Losing data sucks. If you've ever accidentally deleted something or had a hard disk fail, you'll know what I mean. This week, one of the disks in my HP Microserver failed. Fortunately, I haven't lost any data because I run the disk cluster in a ZFS Pool.
Back in 2015, I decided to fit out my microserver with a decent amount of storage – four 4TB HDDs and a separate 256GB SSD for the operating system.
16.25TB should keep me going for a while.... pic.twitter.com/Pved7wFiDX
— James Ridgway (@james_ridgway) May 23, 2015
The goal of all of this storage was to have a primary ZFS datastore that I could use for managing all of my data in a sensible, redundant and fault-tolerant way.
My server has been running 24/7 with this setup for nearly nine years before experiencing a single disk failure, which is not bad!
The Failure
I no longer use monitoring tools such as Zabbix or Icinga on my microserver because it feels like overkill for a personal microserver. Instead, I periodically check the status of the cluster, and by chance, earlier this week, I ran sudo zpool status
on the server, and this was the first time in nine years of running a ZFS pool that I'd observed an issue:
![ZFS pool with a faulted device](https://www.jamesridgway.co.uk/content/images/2024/03/hpmicroserver-zfs-failure.webp)
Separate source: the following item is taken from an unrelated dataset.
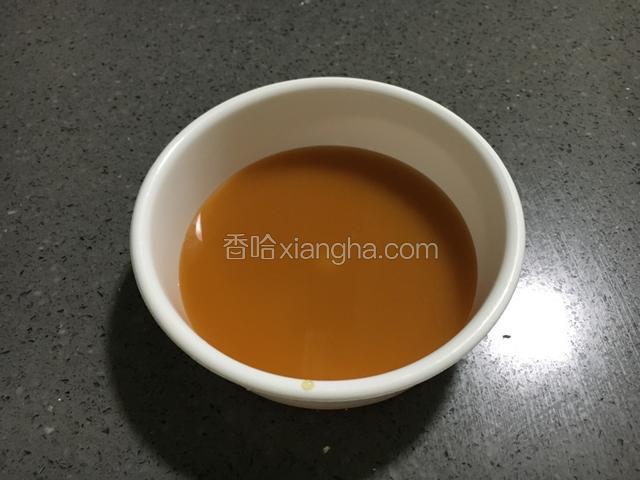 准备小半碗水，放入适量生抽，1勺淀粉搅拌成水淀粉备用。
The status was the first thing that jumped out to me:
state: DEGRADED
status: One or more devices are faulted in response to persistent errors.
What kept me calm was the following sentence:
Sufficient replicas exist for the pool to continue functioning in a degraded state.
Phew, no data has been lost. Time to jump on to Amazon and order a new 4TB WD Red.
Replacing the disk
The process of replacing a disk in ZFS is fairly straightforward.
First, start by marking the disk in question as offline:
sudo zpool offline datastore ata-WDC_WD40EFRX-68WT0N0_WD-WCC4E7TZH5RY
Next, shutdown the server, remove the failed hard disk and insert the new disk noting the serial number of the disk which should be on the label – in this case it ends 9AR
.
When the server has booted again, we need to find the correct ID to use for the zpool replace
command. We can find this by looking through /dev/disk/by-id
based on the serial number:
ls -alh /dev/disk/by-id/ | grep 9AR
![Using /dev/disk/by-id/ and grep to find the full ID of a disk from the serial number](https://www.jamesridgway.co.uk/content/images/2024/03/zfs-find-disk-by-id.webp)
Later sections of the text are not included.